====== DATASET RECORDS ======
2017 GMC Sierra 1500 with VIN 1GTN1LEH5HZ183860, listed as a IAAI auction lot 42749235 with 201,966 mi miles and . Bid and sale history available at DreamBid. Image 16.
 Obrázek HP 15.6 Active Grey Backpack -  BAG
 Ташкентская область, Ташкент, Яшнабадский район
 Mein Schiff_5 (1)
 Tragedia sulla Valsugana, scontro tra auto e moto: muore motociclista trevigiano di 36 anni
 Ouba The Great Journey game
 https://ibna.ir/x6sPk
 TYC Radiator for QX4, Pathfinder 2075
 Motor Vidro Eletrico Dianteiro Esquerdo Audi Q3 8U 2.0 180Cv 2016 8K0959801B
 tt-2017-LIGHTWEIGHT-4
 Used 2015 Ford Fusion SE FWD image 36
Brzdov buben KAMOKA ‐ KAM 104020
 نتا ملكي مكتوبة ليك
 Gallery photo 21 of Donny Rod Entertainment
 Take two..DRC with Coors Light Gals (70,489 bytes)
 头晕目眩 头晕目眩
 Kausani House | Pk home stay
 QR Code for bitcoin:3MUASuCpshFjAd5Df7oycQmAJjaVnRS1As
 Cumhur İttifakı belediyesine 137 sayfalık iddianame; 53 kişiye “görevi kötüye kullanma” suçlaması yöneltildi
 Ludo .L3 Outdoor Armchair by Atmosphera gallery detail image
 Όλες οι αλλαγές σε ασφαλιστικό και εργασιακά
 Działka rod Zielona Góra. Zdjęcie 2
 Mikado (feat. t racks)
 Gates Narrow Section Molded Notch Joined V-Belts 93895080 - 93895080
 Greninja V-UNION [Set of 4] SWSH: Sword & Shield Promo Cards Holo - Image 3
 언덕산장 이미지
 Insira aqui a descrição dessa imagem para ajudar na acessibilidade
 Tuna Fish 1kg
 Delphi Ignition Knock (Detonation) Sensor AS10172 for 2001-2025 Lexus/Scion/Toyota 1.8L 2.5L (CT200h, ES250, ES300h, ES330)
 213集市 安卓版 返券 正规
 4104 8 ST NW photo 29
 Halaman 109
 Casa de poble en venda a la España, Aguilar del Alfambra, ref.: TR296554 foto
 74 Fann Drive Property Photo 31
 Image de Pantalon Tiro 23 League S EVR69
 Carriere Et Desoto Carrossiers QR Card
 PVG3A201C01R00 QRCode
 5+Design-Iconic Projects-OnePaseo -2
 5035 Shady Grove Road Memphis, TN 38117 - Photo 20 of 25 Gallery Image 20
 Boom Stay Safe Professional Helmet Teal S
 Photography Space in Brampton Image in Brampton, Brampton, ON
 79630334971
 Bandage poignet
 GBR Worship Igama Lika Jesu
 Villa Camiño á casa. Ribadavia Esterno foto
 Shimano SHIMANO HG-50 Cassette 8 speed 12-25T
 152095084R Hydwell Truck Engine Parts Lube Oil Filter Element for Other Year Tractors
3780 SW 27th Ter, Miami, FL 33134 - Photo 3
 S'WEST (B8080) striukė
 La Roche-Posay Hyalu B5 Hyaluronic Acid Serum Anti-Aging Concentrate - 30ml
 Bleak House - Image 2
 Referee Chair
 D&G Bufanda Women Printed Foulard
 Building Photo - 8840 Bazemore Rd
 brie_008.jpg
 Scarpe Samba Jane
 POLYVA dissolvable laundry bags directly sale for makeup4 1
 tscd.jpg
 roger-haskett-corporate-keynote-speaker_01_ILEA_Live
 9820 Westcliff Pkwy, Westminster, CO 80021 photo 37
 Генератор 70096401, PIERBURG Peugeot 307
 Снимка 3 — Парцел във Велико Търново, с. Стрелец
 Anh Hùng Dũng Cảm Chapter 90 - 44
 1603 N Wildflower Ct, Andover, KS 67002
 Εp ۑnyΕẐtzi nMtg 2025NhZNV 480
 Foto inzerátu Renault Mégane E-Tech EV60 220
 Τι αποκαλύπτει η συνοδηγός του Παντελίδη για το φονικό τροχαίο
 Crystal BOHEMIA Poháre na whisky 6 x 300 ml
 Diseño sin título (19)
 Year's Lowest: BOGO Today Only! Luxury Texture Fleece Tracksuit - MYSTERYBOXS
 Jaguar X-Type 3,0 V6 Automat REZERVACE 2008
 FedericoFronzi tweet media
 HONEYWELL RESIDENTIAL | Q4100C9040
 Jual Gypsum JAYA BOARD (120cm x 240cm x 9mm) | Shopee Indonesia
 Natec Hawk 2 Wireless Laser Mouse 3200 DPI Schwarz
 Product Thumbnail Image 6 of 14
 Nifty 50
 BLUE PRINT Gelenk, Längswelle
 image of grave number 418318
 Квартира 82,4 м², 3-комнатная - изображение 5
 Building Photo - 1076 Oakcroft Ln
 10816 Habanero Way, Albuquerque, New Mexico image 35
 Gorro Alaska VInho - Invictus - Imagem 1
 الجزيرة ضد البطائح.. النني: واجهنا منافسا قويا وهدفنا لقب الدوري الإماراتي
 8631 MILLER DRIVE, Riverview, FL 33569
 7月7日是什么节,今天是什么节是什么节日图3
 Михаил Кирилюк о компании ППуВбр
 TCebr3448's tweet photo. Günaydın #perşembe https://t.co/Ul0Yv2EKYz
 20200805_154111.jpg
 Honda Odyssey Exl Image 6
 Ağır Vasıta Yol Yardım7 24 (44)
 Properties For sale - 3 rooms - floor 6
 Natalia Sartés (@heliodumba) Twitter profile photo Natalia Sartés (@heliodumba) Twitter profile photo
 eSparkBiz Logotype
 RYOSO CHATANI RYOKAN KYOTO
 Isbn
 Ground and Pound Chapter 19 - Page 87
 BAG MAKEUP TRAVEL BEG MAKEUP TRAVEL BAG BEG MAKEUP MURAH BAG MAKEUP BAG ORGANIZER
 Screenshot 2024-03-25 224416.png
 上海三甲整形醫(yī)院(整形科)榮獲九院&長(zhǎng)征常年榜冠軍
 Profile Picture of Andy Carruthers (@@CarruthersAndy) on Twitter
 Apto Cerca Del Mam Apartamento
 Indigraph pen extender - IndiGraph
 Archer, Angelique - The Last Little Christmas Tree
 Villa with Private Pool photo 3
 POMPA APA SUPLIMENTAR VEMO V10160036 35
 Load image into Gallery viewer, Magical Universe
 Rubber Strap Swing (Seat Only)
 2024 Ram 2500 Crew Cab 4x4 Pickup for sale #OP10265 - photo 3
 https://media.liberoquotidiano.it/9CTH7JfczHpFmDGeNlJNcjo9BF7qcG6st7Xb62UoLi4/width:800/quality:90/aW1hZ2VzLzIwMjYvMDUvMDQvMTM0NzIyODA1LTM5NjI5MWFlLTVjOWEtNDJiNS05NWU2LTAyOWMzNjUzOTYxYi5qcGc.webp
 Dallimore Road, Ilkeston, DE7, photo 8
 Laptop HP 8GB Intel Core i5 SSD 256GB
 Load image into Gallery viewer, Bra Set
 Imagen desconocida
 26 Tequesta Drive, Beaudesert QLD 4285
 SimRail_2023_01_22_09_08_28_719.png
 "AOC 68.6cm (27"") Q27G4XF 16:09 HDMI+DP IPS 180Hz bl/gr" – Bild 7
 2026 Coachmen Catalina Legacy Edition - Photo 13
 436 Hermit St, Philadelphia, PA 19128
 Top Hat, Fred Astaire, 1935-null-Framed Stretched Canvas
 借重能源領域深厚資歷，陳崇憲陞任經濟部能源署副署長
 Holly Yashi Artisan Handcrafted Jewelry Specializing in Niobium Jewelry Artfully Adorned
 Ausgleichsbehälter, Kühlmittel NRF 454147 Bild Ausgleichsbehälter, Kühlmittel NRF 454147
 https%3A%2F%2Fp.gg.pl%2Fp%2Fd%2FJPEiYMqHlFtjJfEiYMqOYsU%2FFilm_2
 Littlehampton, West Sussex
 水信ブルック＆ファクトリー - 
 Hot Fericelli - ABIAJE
======
## [EXERCISE REQUIREMENTS]
Your task is to copy each line of the data above that holds "Bild".

## [SOLUTION]
 "AOC 68.6cm (27"") Q27G4XF 16:09 HDMI+DP IPS 180Hz bl/gr" – Bild 7
 Ausgleichsbehälter, Kühlmittel NRF 454147 Bild Ausgleichsbehälter, Kühlmittel NRF 454147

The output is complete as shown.